***** RECORDS *****

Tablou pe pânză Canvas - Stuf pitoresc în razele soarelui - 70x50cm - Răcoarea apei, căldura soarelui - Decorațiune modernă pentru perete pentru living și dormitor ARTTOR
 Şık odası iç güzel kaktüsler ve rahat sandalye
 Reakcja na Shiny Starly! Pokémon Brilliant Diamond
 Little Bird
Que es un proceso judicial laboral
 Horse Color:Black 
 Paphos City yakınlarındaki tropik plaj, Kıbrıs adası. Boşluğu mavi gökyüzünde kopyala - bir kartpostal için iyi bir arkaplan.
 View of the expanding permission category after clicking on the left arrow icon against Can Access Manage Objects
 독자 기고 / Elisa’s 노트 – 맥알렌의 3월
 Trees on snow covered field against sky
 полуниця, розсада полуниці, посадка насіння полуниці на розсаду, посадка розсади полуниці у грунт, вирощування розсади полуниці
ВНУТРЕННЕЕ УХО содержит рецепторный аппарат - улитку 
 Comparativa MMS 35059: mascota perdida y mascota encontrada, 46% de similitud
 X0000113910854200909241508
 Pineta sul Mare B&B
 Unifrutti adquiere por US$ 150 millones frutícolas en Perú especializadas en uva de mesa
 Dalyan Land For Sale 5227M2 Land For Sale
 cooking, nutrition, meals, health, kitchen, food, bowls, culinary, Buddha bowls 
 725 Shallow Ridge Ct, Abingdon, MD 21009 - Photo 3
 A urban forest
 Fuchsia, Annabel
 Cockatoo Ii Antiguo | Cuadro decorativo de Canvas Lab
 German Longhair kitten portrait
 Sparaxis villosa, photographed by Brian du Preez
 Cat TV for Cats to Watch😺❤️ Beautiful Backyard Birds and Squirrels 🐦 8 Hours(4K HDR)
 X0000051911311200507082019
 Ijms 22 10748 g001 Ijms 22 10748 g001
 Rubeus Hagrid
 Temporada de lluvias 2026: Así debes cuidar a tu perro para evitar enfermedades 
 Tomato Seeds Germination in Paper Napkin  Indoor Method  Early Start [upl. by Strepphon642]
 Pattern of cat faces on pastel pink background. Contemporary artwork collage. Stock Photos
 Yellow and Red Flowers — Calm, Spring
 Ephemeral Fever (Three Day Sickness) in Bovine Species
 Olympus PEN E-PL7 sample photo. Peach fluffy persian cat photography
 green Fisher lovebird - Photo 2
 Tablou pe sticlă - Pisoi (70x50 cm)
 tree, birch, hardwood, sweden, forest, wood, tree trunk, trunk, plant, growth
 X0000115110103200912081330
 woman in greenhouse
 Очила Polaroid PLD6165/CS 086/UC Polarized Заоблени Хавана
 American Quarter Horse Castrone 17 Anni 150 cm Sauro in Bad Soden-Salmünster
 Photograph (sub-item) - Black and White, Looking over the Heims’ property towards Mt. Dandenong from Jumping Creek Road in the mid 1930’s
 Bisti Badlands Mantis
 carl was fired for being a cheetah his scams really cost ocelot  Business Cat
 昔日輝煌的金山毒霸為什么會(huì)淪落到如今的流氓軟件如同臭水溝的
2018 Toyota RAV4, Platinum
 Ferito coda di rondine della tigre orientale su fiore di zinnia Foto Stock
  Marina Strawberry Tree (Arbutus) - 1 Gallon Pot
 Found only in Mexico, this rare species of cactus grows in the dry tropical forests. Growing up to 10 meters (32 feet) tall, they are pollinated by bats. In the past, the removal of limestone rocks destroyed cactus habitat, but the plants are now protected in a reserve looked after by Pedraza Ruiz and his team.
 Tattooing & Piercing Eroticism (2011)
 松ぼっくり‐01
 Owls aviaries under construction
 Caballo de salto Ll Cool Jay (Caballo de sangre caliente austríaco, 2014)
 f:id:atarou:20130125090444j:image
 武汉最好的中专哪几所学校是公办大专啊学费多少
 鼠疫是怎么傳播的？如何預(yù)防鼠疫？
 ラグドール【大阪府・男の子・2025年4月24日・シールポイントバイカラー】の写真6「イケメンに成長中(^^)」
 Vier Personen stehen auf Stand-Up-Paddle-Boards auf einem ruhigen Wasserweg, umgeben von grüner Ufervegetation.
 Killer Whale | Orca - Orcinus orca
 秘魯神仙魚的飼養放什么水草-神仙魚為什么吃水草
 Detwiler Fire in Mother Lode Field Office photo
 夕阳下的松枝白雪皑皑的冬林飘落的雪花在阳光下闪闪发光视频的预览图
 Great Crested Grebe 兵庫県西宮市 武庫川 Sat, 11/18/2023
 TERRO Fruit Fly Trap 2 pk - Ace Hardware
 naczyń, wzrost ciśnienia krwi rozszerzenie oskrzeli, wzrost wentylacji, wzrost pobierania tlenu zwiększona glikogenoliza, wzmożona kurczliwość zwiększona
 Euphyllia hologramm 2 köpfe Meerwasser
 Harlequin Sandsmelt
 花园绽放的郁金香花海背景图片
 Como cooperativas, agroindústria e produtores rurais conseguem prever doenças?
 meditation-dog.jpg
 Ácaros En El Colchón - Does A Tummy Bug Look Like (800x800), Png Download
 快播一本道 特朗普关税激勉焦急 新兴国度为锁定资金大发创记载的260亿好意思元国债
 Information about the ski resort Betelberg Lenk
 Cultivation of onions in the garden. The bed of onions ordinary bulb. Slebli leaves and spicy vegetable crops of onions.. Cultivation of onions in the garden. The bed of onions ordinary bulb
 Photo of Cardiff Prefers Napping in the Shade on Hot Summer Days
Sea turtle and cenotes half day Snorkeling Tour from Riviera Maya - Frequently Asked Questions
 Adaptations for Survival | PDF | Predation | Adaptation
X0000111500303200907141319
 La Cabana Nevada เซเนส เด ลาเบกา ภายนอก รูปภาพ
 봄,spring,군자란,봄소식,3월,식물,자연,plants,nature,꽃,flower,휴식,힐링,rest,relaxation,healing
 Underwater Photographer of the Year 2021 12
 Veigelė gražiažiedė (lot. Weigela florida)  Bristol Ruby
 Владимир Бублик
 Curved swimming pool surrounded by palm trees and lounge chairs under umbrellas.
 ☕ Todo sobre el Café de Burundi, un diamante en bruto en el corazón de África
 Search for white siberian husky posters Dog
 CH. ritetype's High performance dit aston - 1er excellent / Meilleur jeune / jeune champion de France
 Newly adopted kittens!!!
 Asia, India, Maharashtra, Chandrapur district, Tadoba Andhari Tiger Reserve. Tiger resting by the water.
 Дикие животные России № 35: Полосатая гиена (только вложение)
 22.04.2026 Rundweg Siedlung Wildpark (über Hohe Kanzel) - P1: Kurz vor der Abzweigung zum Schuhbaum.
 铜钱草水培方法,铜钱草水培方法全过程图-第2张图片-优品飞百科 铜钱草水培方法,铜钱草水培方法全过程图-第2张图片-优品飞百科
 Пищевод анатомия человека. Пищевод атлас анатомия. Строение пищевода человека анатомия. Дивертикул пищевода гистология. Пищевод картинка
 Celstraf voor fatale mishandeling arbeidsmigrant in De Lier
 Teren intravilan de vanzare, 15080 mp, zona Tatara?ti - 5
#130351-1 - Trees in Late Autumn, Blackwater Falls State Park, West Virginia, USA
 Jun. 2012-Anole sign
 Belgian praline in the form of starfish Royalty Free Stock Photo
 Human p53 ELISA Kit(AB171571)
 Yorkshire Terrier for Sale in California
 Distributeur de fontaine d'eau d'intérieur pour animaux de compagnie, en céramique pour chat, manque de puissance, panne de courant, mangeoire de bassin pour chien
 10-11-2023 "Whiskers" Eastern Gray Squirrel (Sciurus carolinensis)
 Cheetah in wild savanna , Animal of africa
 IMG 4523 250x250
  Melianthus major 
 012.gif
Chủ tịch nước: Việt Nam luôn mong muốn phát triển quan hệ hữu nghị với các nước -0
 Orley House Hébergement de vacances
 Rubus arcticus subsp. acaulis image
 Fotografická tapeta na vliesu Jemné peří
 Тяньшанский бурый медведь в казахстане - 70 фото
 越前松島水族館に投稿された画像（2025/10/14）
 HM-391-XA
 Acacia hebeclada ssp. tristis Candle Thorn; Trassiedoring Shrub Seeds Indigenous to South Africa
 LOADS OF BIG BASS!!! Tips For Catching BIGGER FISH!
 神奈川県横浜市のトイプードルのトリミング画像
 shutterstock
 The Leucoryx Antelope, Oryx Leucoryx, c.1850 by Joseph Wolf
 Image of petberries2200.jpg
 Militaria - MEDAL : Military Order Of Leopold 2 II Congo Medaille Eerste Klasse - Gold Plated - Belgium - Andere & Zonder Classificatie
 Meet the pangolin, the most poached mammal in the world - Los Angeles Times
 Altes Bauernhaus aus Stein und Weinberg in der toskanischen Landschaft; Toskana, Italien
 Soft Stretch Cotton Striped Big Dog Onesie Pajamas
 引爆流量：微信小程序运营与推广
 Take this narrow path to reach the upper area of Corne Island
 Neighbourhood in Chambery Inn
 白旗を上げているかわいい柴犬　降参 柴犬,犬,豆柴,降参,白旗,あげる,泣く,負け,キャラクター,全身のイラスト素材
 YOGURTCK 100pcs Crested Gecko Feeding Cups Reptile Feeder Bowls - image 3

*****

### [TASK TO CARRY OUT]
Would you print, exactly as written, every line above from the one holding "武汉最好的中专哪几所学校是公办大专啊学费多少" through the one holding "La Cabana Nevada", with both included and no other lines?

### [EXERCISE OUTPUT]
 武汉最好的中专哪几所学校是公办大专啊学费多少
 鼠疫是怎么傳播的？如何預(yù)防鼠疫？
 ラグドール【大阪府・男の子・2025年4月24日・シールポイントバイカラー】の写真6「イケメンに成長中(^^)」
 Vier Personen stehen auf Stand-Up-Paddle-Boards auf einem ruhigen Wasserweg, umgeben von grüner Ufervegetation.
 Killer Whale | Orca - Orcinus orca
 秘魯神仙魚的飼養放什么水草-神仙魚為什么吃水草
 Detwiler Fire in Mother Lode Field Office photo
 夕阳下的松枝白雪皑皑的冬林飘落的雪花在阳光下闪闪发光视频的预览图
 Great Crested Grebe 兵庫県西宮市 武庫川 Sat, 11/18/2023
 TERRO Fruit Fly Trap 2 pk - Ace Hardware
 naczyń, wzrost ciśnienia krwi rozszerzenie oskrzeli, wzrost wentylacji, wzrost pobierania tlenu zwiększona glikogenoliza, wzmożona kurczliwość zwiększona
 Euphyllia hologramm 2 köpfe Meerwasser
 Harlequin Sandsmelt
 花园绽放的郁金香花海背景图片
 Como cooperativas, agroindústria e produtores rurais conseguem prever doenças?
 meditation-dog.jpg
 Ácaros En El Colchón - Does A Tummy Bug Look Like (800x800), Png Download
 快播一本道 特朗普关税激勉焦急 新兴国度为锁定资金大发创记载的260亿好意思元国债
 Information about the ski resort Betelberg Lenk
 Cultivation of onions in the garden. The bed of onions ordinary bulb. Slebli leaves and spicy vegetable crops of onions.. Cultivation of onions in the garden. The bed of onions ordinary bulb
 Photo of Cardiff Prefers Napping in the Shade on Hot Summer Days
Sea turtle and cenotes half day Snorkeling Tour from Riviera Maya - Frequently Asked Questions
 Adaptations for Survival | PDF | Predation | Adaptation
X0000111500303200907141319
 La Cabana Nevada เซเนส เด ลาเบกา ภายนอก รูปภาพ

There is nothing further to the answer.